The problem: Copy the data that follows exactly, and include none of its images.

Given material:
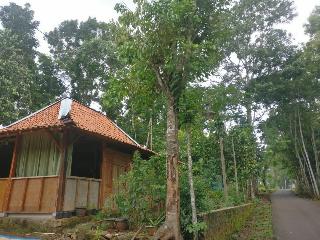 Homestay An-Nur by ZUZU fotoÄŸrafÄ±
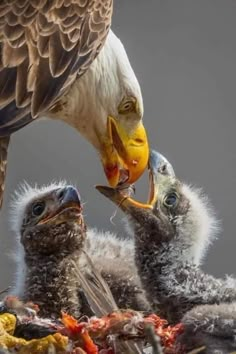 an eagle is feeding its young birds in the nest with it's beak open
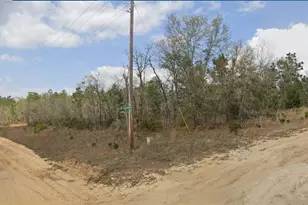 Lot 34 Twin Lakes Blvd, Interlachen, FL 32148 - Photo 1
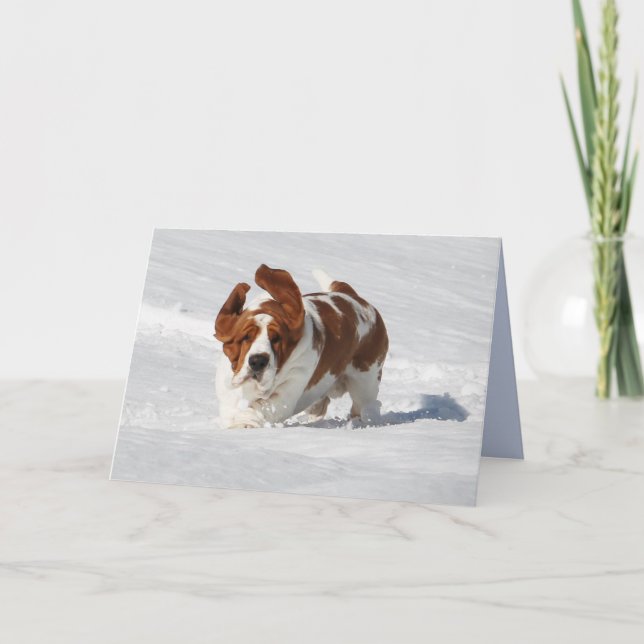 Blank Note Card w/Beautiful Basset Hound (Front)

Solution to the problem:
 Homestay An-Nur by ZUZU fotoÄŸrafÄ±
 an eagle is feeding its young birds in the nest with it's beak open
 Lot 34 Twin Lakes Blvd, Interlachen, FL 32148 - Photo 1
 Blank Note Card w/Beautiful Basset Hound (Front)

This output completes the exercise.